Cette couleur semble ici être le fil à suivre dans les dédales. L’ouverture d’une porte laisse percevoir le cordon rouge d’une marque de maçon, tandis qu’un chemin de câbles en terre cuite amène l’œil à l’extrémité d’un couloir où la seule issue est un mur orangé.
Alors que dans les travaux religieux photographiés, la lumière vient lécher les arêtes des sculptures, ici elle est remplacée par une ligne de craie rouge, par un tuyau à la couleur d’argile. La couleur ici est une rampe que l’on peut emprunter pour descendre dans les abysses des profondeurs de notre temps.

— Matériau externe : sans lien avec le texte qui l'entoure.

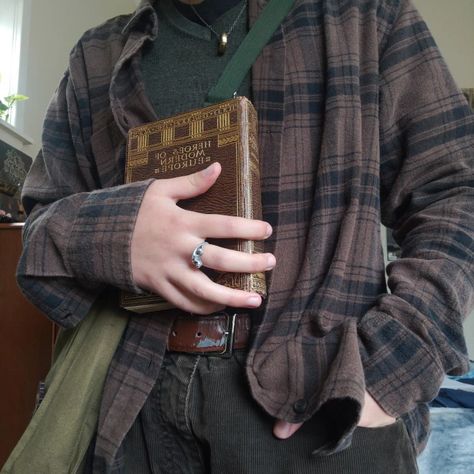 an outfit consisting of a brown checkered shirt over green sweater tucked into brown pants. the person is wearing this outfit and holding an old book. Mens Fall Outfits Dark Academia, Fall Mens Aesthetic, Cryptidcore Academia, Goblincore Men Outfits, Chaotic Academia Outfits Masc, Goblincore Dark Academia, Hobbitcore Fashion Men, Forest Academia Aesthetic, Cryptid Academia Outfits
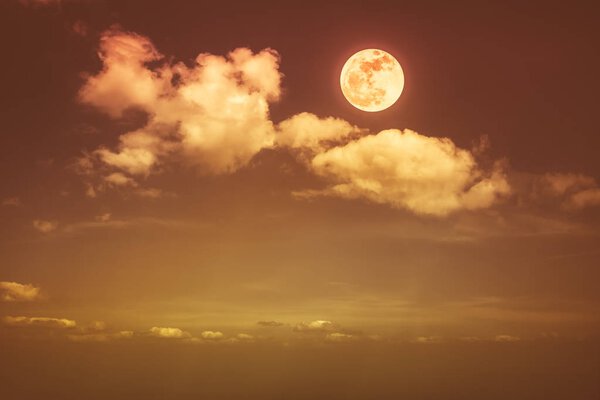 Beautiful skyscape. Landscape of night sky with clouds and bright full moon. Serenity nature background, outdoor at nighttime with moonlight. Sepia tone. The moon taken with my own camera.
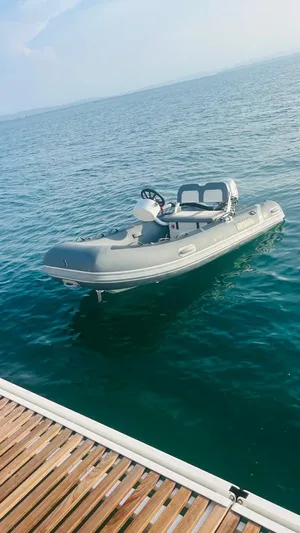 Uni Yacht Photos Pics Inflatable boat docked on calm water, clear sky, Lagoon 46, 2023 model.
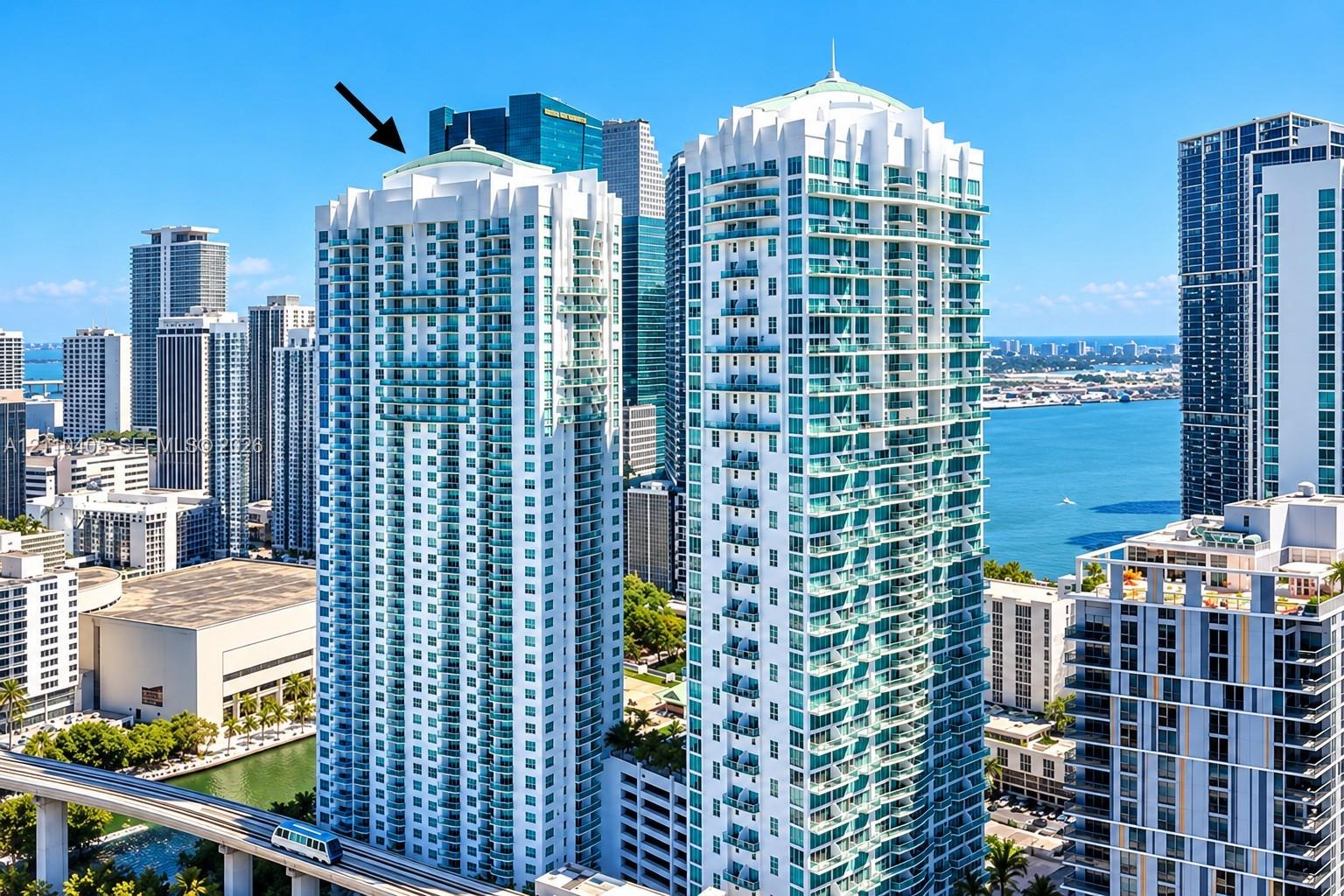 High-rise building featuring a white concrete facade, glass-enclosed balconies, and a dome-style architectural roof design High-rise building featuring a white concrete facade, glass-enclosed balconies, and a dome-style architectural roof design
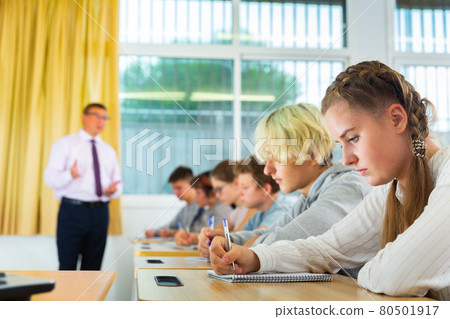 Students listening task for exam in classroom Students listening task for exam in classroom 80501917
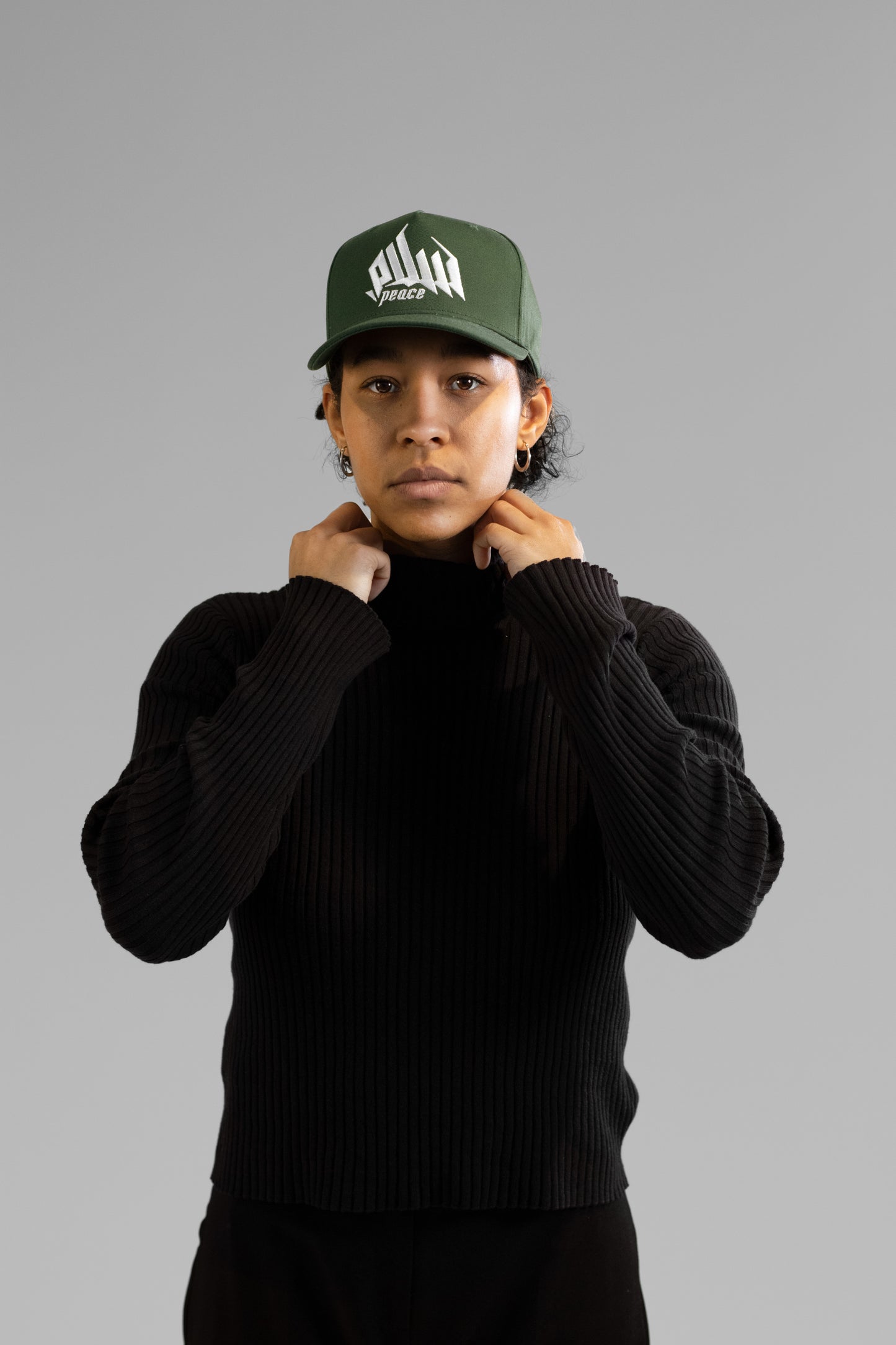 Embroidered Palestinian cap with ‘Peace & Freedom for Palestine’ text, inspired by Palestinian heritage and cultural resilience. Stylish and meaningful headwear for solidarity and justice
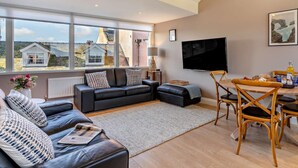Ein modernes Wohnzimmer mit einer Couch, einem Esstisch und Stühlen, einem an der Wand befestigten Fernseher und großen Fenstern mit Blick auf Häuser.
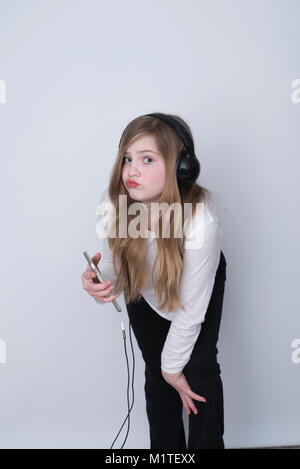 Girl with pouty look listening to music on smartphone with over-the-ear headphones on white background Stock Photo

Photographe de l’entre deux, Eric Aupol aime à pointer des ellipses. Le dialogue qu’il instaure entre le passé et le présent se fait à partir d’un cadre défini par le miroir de son appareil photo. Capable de toutes les inversions temporelles son œuvre s’attache à radioscoper des plaques de mémoires. Les lieux sur lesquels il s’attarde sont les têtes de pont d’une ellipse temporelle.

Eric Aupol :
— Paris-Bercy, 2004. C-print. 80 x 100 cm.
— Sans titre (Bercy ), 2001. C-print. 85 x 100 cm.
— Paris Les Halles #1, 2004. C-print 80 x 80 cm.
— Paris Les Halles #2, 2004. C-print. 80 x 80 cm.
— Paris Les Halles #4, 2004. C-print. 120 x 160 cm.
— Paris Les Halles #9, 2004. C-print. 60 x 80 cm.
— Paris Les Halles #10, 2004. C-print. 80 x 80 cm.
— Paris Les Halles #11, 2004. C-print. 100 x 100 cm.